Then, after the tread band is transported radially outward of the green case, the green case is expanded radially outward to bond with the inner surface of the tread band, and the green tire is molded. The molded green tire is vulcanized and molded by a vulcanization molding device, and a pneumatic tire is manufactured.

Patent Document 1 discloses that when manufacturing pneumatic tires, an inner liner is used in which chafers are placed on both sides of the butyl rubber in the width direction and a tie gum is pressed to cover the butyl rubber and both chafers.

Patent document 1 also discloses that, in order to close the gap formed between the butyl rubber and the chafer, a pressure roller is used to press the area between the butyl rubber and the chafer at the joint where both circumferential ends of the inner liner are joined.

JP2018-051891A

When manufacturing pneumatic tires, chafers, such as steel chafers, may be placed on both sides in the width direction between the inner liner and the carcass ply. In this case, when the inner liner, both chafers, and the carcass ply are wound sequentially around the molding drum to mold the carcass band, air may accumulate near the inner end of the chafer between the inner liner and the carcass ply, causing air to accumulate in the pneumatic tire. In particular, when steel chafers are placed, this problem may become more pronounced. Furthermore, when manufacturing pneumatic tires, it is desirable to manufacture them with high productivity.

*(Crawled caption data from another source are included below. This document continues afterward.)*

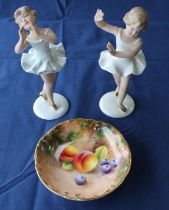 Royal Worchester hand painted pin dish, and a pair of Wallendorf porcelain figures of two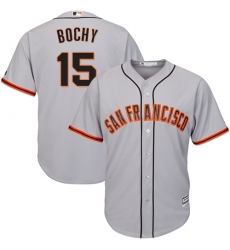 Youth Majestic San Francisco Giants #15 Bruce Bochy Authentic Grey Road Cool Base MLB Jersey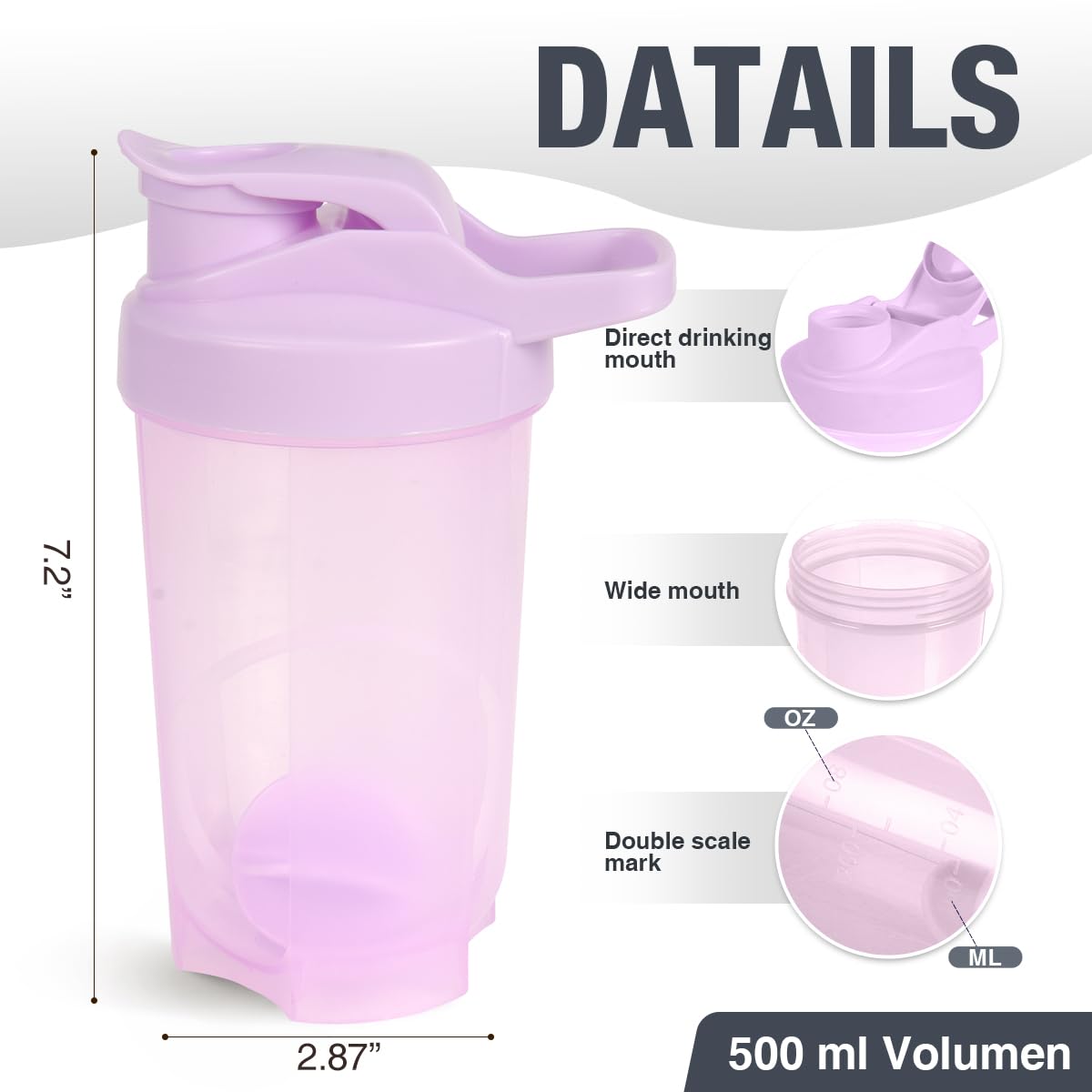 D.Y.A botella 16oz con boca ancha para mezclar rápido.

The present invention aims to provide a method and device for manufacturing pneumatic tires that can be manufactured with high productivity while preventing air from accumulating near the inner end of the chafer between the inner liner and the carcass ply.

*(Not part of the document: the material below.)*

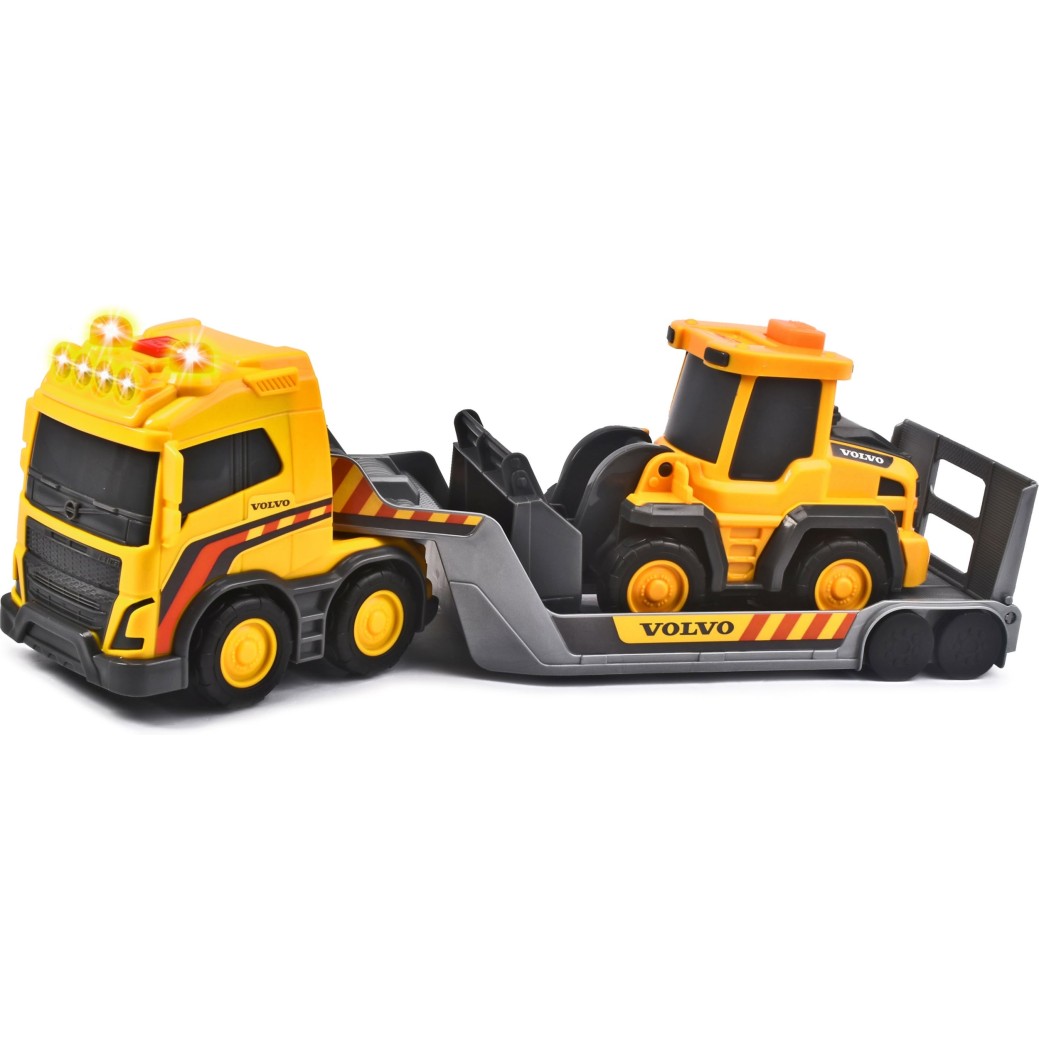 Dickie delovni tovornjak Volvo s prikolico za prevoz strojev 32 cm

The present invention provides a method for manufacturing a pneumatic tire, which sequentially winds an inner liner, chafers on both sides spaced apart from each other in the width direction on the inner liner, and a carcass ply formed wider than the inner ends of the chafers on both sides and placed on the inner liner and the chafers on both sides around a molding drum, and while pressing the carcass ply from the outer surface side with a roller, moves the roller from the center side of the carcass ply in the width direction to the outer end side in the width direction while rotating the molding drum, and makes the feed pitch of the roller that moves the roller smaller in a predetermined width range of the carcass ply including the inner end of the chafer than the center side and the outer end side in the width direction of the carcass ply.

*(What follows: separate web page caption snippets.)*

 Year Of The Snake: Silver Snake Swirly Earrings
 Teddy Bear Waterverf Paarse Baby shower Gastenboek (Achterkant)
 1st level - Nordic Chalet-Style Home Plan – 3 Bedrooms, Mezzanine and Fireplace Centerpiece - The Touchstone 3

When manufacturing a pneumatic tire with this configuration, the roller presses the inner liner, both chafers, and carcass ply that are wound around the building drum in sequence from the outer surface side, while moving the roller from the center side of the width of the carcass ply to the outer end of the width direction while rotating the building drum.

The roller feed pitch is made smaller in a specified range in the width direction of the carcass ply, including the inner end of the chafer, compared to the width direction center side and width direction outer end side of the carcass ply, so the roller moves less compared to when the roller feed pitch is not made smaller, making it easier for the roller to radially deform the carcass ply along the inner liner and chafer near the step formed in the carcass ply by the inner end of the chafer. The roller feed pitch is the distance the roller moves in the axial direction of the molding drum, i.e., in the width direction of the carcass ply 4, when the molding drum rotates once.

As a result, when the roller is moved from the widthwise center of the carcass ply to the widthwise outer end thereof to move and discharge the air present between the inner liner and the carcass ply to the widthwise outer side of the carcass ply, the air present between the inner liner and the carcass ply can be easily moved widthwise outward from the inner end of the chafer, and air accumulation between the inner liner and the carcass ply near the inner end of the chafer can be suppressed.

In addition, the roller feed pitch is smaller in a specified range of the width of the carcass ply, including the inner end of the chafer, compared to the width center and width outer end of the carcass ply. This reduces the roller feed time required to move the roller from the width center to the width outer end of the carcass ply, compared to when the roller feed pitch is also smaller at the width center or width outer end of the carcass ply, allowing for more productive manufacturing.

This allows for efficient production while preventing air from accumulating near the inner end of the chafer between the inner liner and the carcass ply.

The chafer may be a steel chafer.

This configuration effectively prevents air from accumulating near the inner end of the chafer between the inner liner and the carcass ply when the steel chafer is placed between the inner liner and the carcass ply. The effect of the present invention is best achieved when a steel chafer, which is more prone to air accumulation than a nylon chafer, is placed.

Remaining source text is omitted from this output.